§ **Data below**
***

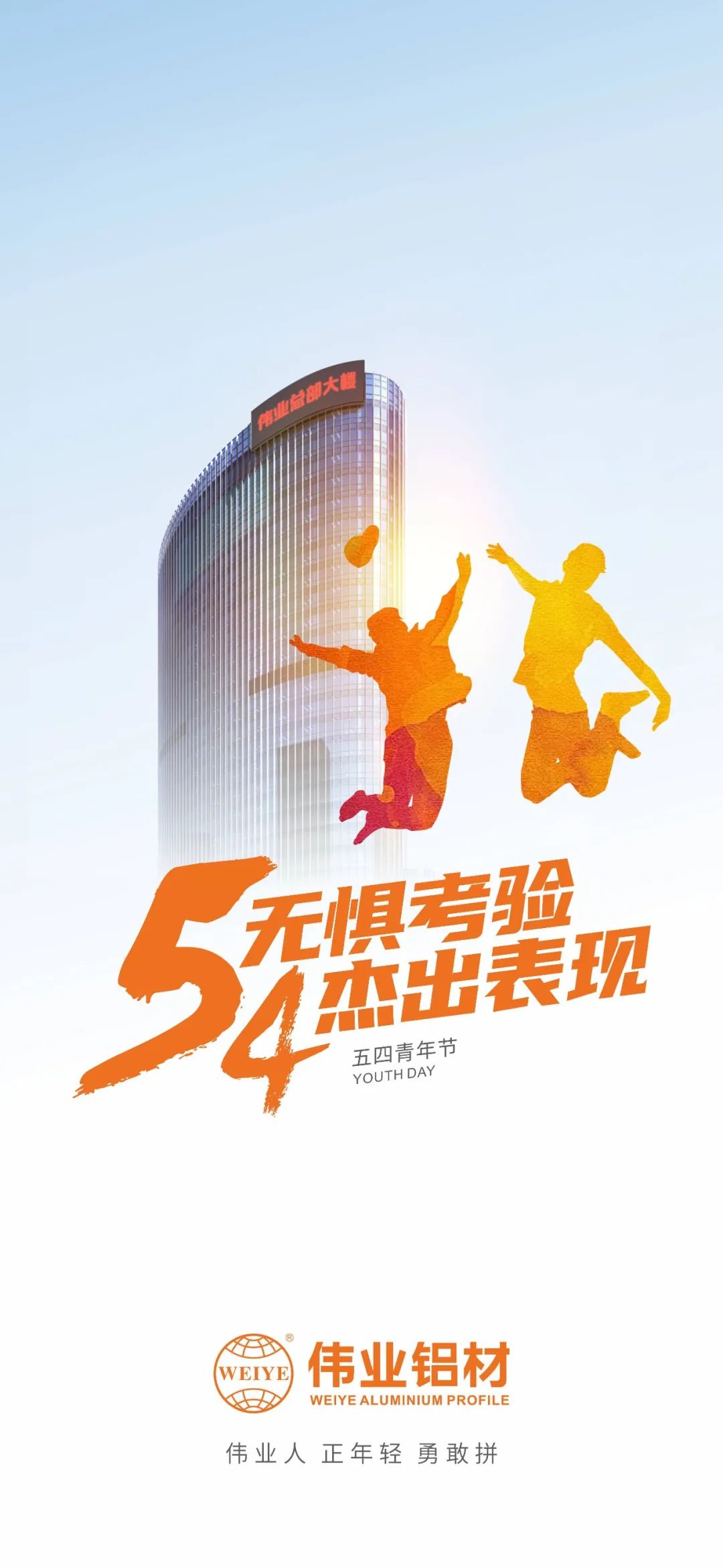 五四青年节 无惧考验 卓越阐发 9888拉斯维加斯人 正青春 英勇拼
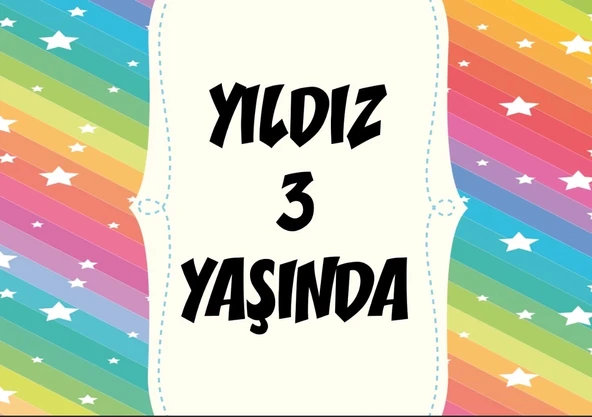 Gökkuşağı Temalı Doğum Günü Afişi 35X50 cm ürün görseli 1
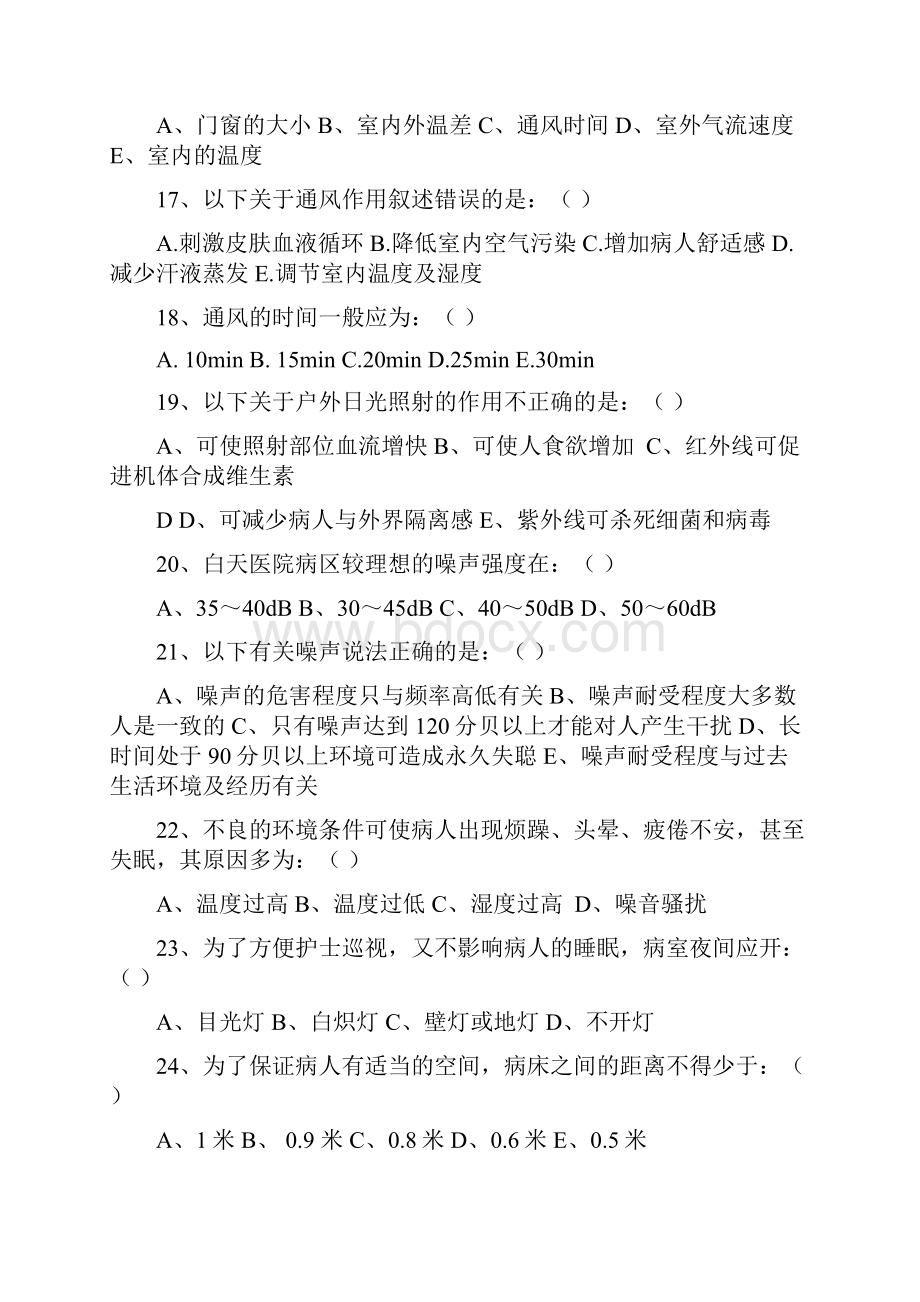 护基习题1.docx_第3页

***

Pictures are to be omitted. Output verbatim only the lines from the one holding "Gökkuşağı Temalı Doğum" through the end of the material, both included.

 Gökkuşağı Temalı Doğum Günü Afişi 35X50 cm ürün görseli 1
 护基习题1.docx_第3页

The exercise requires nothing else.